Deshaun Watson wants to play football this year. Regardless of the reality that he’s still signed to a football team he’s refusing to play for, nd he’s mired in sexual assault allegations, Watson is working to get ready for the 2021 NFL Season.
Both the Houston Texans and the NFL have been quiet about the allegations against Watson. The Texans trust the legal process. The NFL takes the allegations very seriously. Yet no one has any idea if Watson will be suspended, and if so, how many games he would be suspended for. What was already complicated is even more so.
A crucial date is coming up on the NFL calendar. June 1st allows teams to sign existing free agents without having to worry about compensatory pick calculations. Players who weren’t cut from a previous contract no longer have comp pick ramifications. The door is open. Say goodbye to mid and late round draft pick compensation. June 1st also changes how the bonus money is structured if a player is traded or released. Rather than having to account for the entirety of the unaccounted bonus money all at once, the existing prorated amount would affect the salary cap for this season; the rest of it would be tied to next year’s salary cap.
The Texans decided not to trade Deshaun Watson this offseason. They could have traded him to add first and second round selections in 2021, something they missed because of the horrific and disastrous Laremy Tunsil trade. They could have quickly moved on and meaningfully invested in the quarterback position in a deep quarterback class. Tom Savage wasn’t a meaningful investment; neither is Davis Mills. Instead, Watson is still on Houston’s roster.
From a salary cap standpoint, trading Watson wouldn’t crush the 2021 Houston Texans. The 2021 Texans are going to be an atrocious football team. Spare the one-possession record stats you ignored going into last season. The Texans were 2-8 in one-score games in 2020 only because Watson carried a terrible team to close losses. The Texans would take on a $21.6 million dead cap hit if they trade Watson before June 1st, but because they wouldn’t have to pay his current cap number, they would only lose $5.6 million in cap space. A $5.6 million loss in cap space is nothing for a terrible football team.
If Houston traded Watson after June 1st, they’d only have to account for prorated bonus money of $5.4 million; the rest of the $16.2 million would affect next year’s salary cap. Since Houston wouldn’t have to pay for Watson’s base salary, the Texans would receive a cap gain of $10.54 million if they traded Watson after June 1st.
None of this should matter for the Texans, though. Cap space isn’t important for a rebuilding team. Draft capital is what matters. Great football teams are built from acquiring keystone players through the NFL Draft. Cap space retains these drafted players; free agency dollars fill the holes where the ceiling is exposed. The salary cap is a mystical and arbitrary figure for a four win team. Acquiring young talent and adding draft capital is the name of the game.
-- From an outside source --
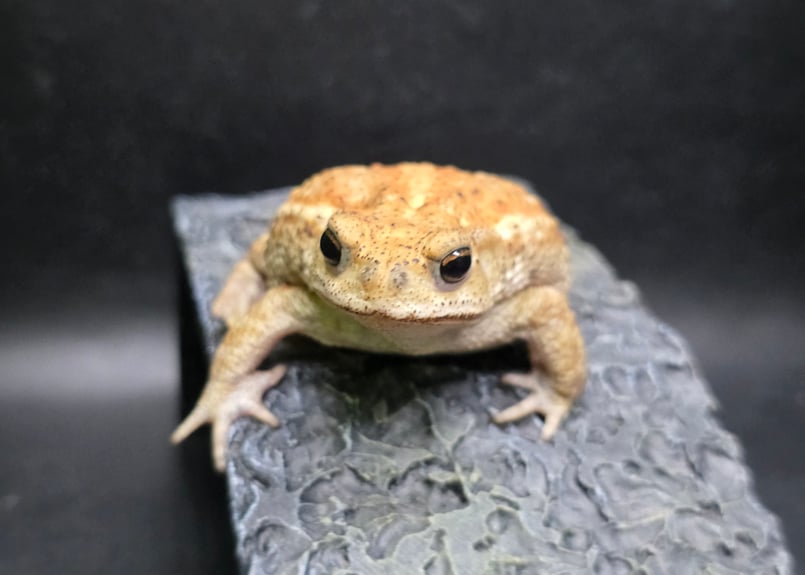17 ミヤコヒキガエル 7cm コロンっとした体つきと淡い色味が可愛いメス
Because of this, Nick Caserio has to know what the Texans are getting if they trade Watson. They cannot, and I repeat, cannot trade Watson before or during the 2021 NFL season. Caserio has to know what any newly acquired draft picks are worth before he acquires them. The overall selection is more important than the round picks are acquired. A team with Deshaun Watson under center, unless he’s suspended for the majority of the 2021 season, should in theory be good enough to find the NFL Playoffs—Bill O’Brien’s 2020 Texans were a special case in futility.
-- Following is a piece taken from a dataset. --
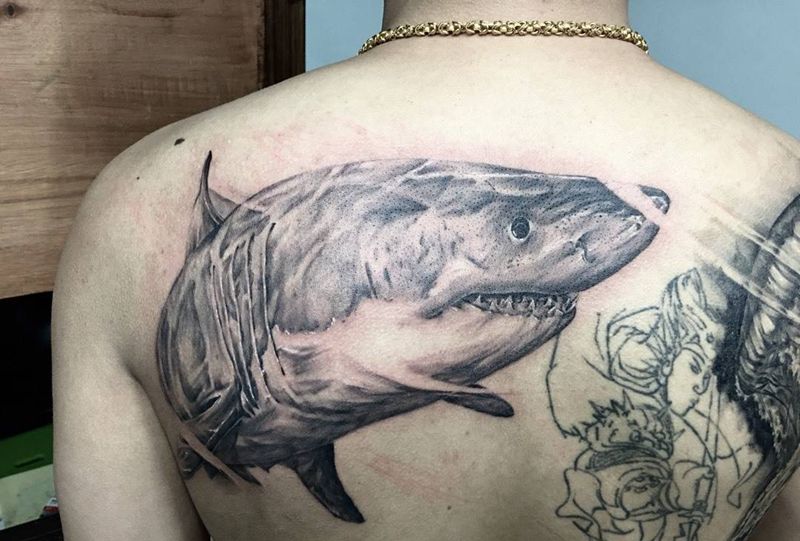 鲨鱼纹身图片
$10.54 million in cap savings should not grease Caserio’s wheels. Although that money could be spent on ten more veteran linebackers, it shouldn’t be a large enough number to move Watson without knowing what the draft selections are worth. This cap space is a small sum compared to what the Texans would add if they move him after the season anyways. If the Texans make the correct decision, and if Watson sits out 2021 to deal with his legal issues, Houston would create $24.2 million in cap space after paying a dead money hit of $16.2 million by trading the QB at the conclusion of the upcoming season.
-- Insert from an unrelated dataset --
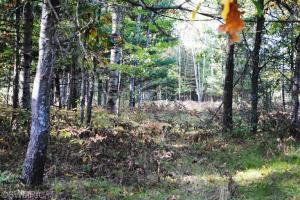 5640 E Barothy, Custer, MI 49405 photo 22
Houston has to maximize the return from any Deshaun Watson trade. The package they get for the franchise quarterback has to springboard the next ‘good’ Texans team, if not, the Texans’ rebuild is for the long-term instead of the short-term. Failure to nail the trade means we’ll be looking ahead to 2025 instead of 2023. The difference between selecting 5th and 15th overall is not worth saving $10.54 million in 2021.
The black spots on the map have to be clear. The decision is simple. Keep Watson in Houston this season. Trade Watson in 2022.